◆ DATA UNDER STUDY ◆
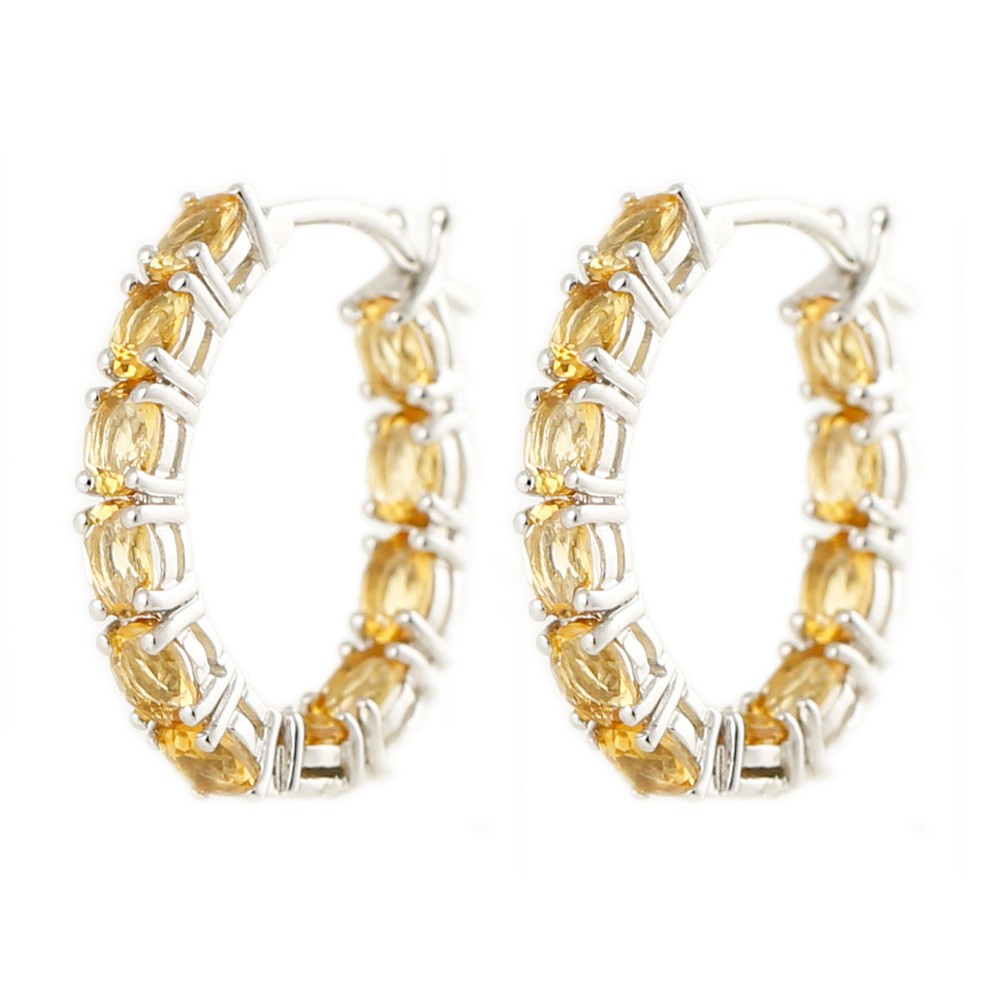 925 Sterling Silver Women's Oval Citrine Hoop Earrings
==
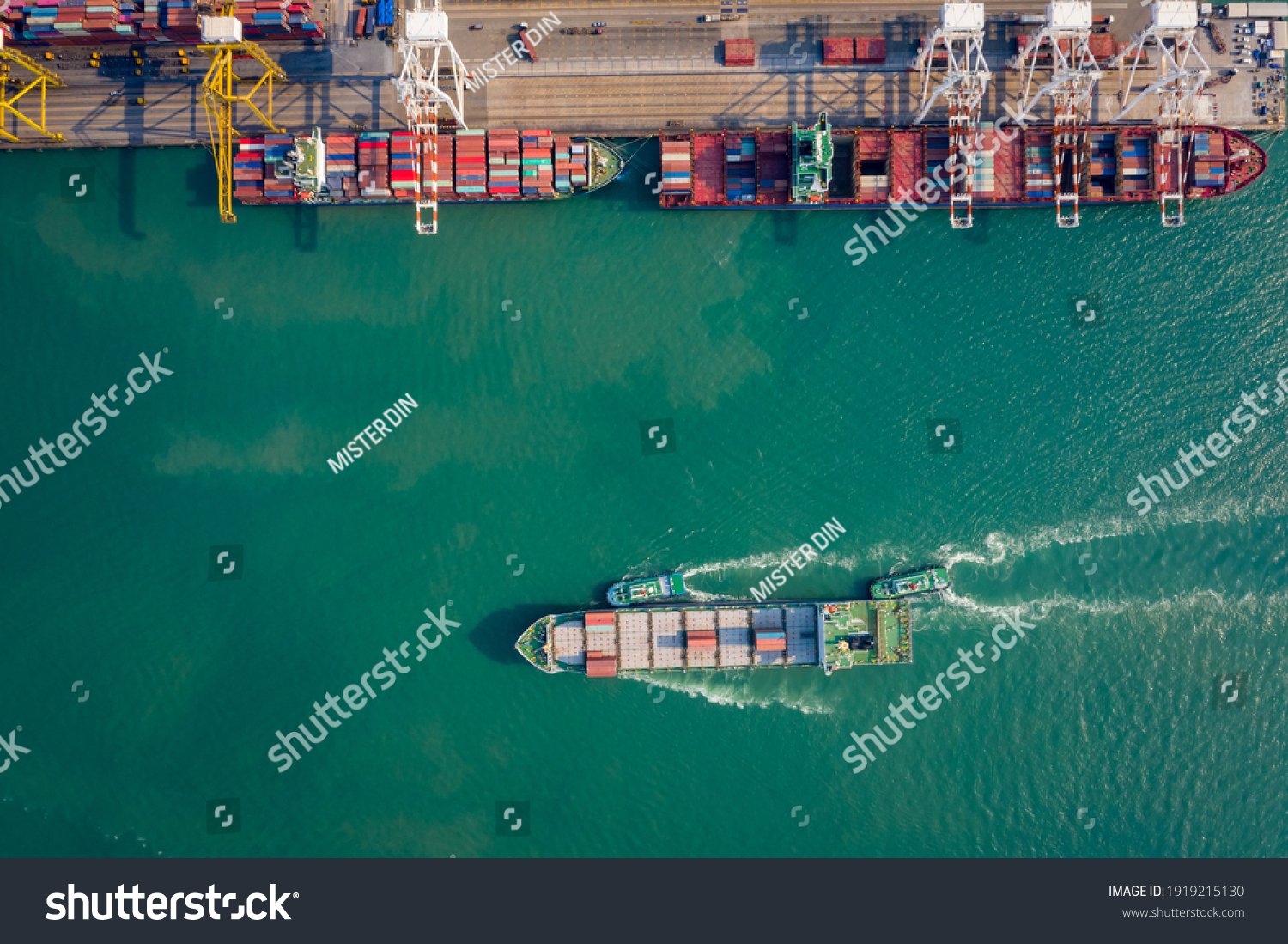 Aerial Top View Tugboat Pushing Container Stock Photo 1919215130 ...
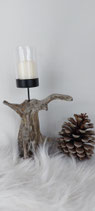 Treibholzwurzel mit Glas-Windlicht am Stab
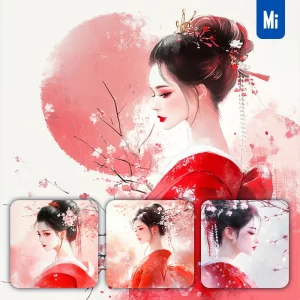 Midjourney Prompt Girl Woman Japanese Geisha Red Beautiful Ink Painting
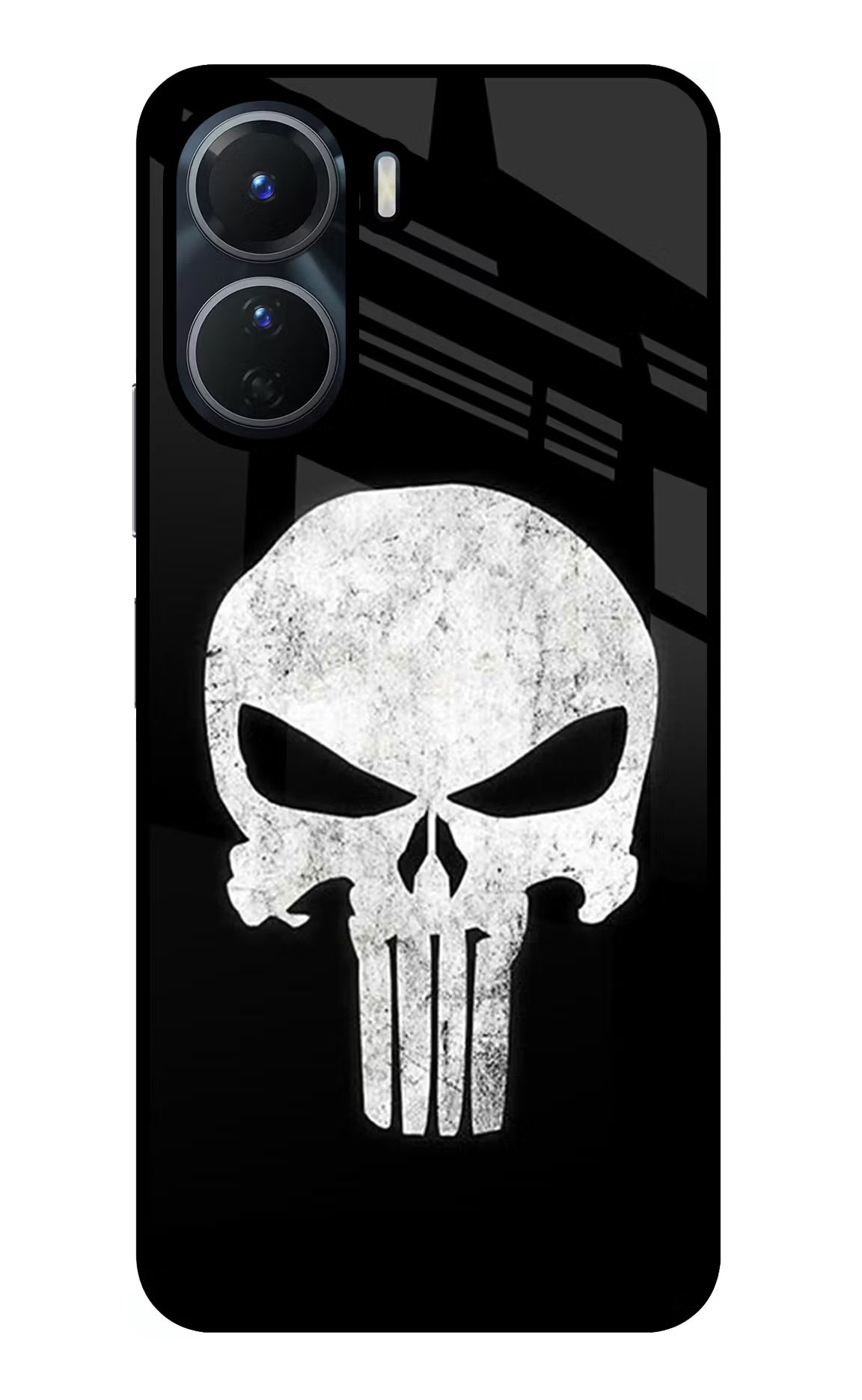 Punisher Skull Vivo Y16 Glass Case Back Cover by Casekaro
* * *
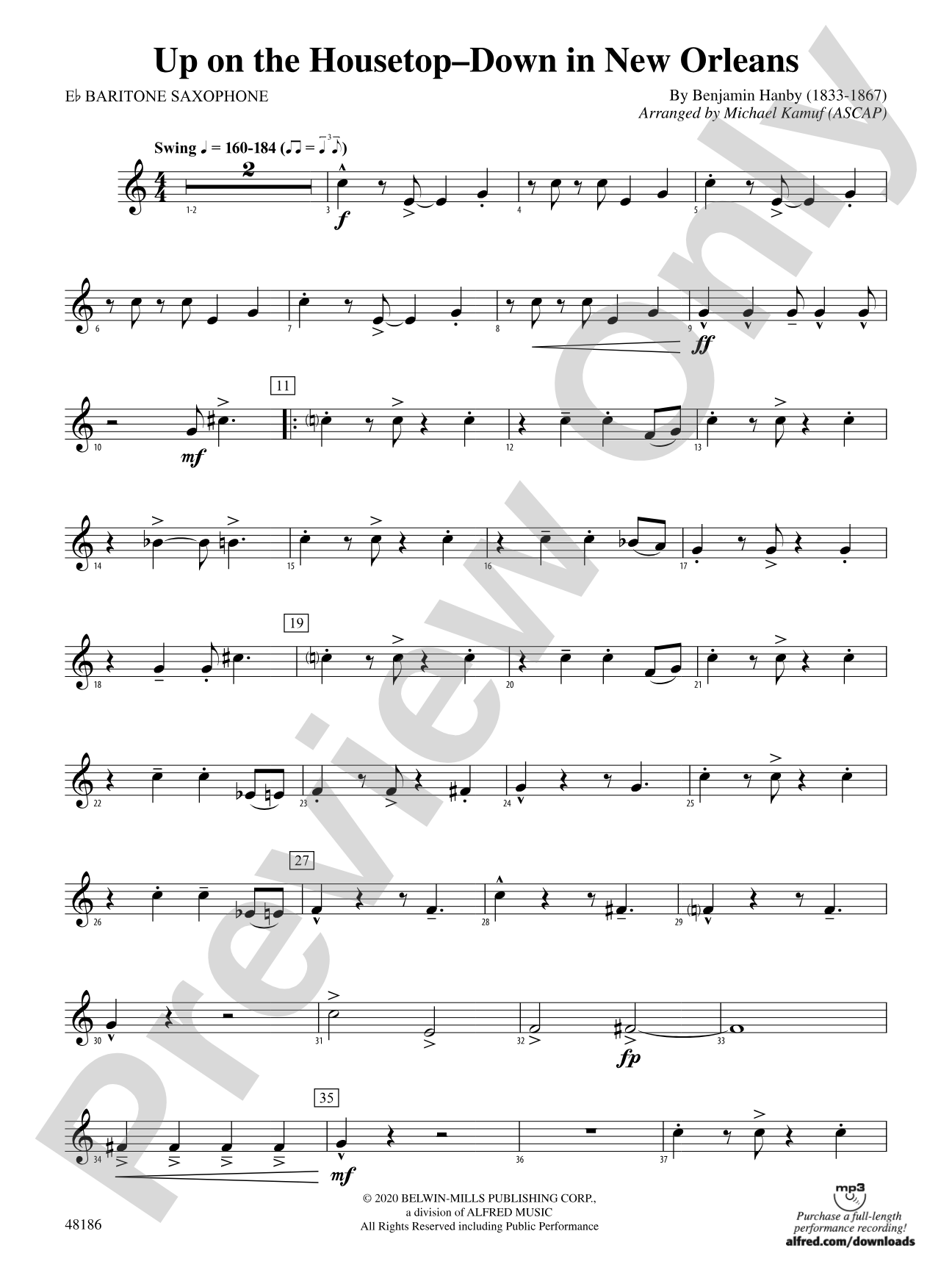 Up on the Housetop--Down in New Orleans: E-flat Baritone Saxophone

◆ ASSIGNED TASK ◆
Print the part of the listing above that opens with the line containing "Midjourney Prompt Girl" and closes with the line containing "Punisher Skull Vivo". Copy it exactly, both ends included, and omit the pictures.

◆ SOLVED EXERCISE ◆
 Midjourney Prompt Girl Woman Japanese Geisha Red Beautiful Ink Painting
 Punisher Skull Vivo Y16 Glass Case Back Cover by Casekaro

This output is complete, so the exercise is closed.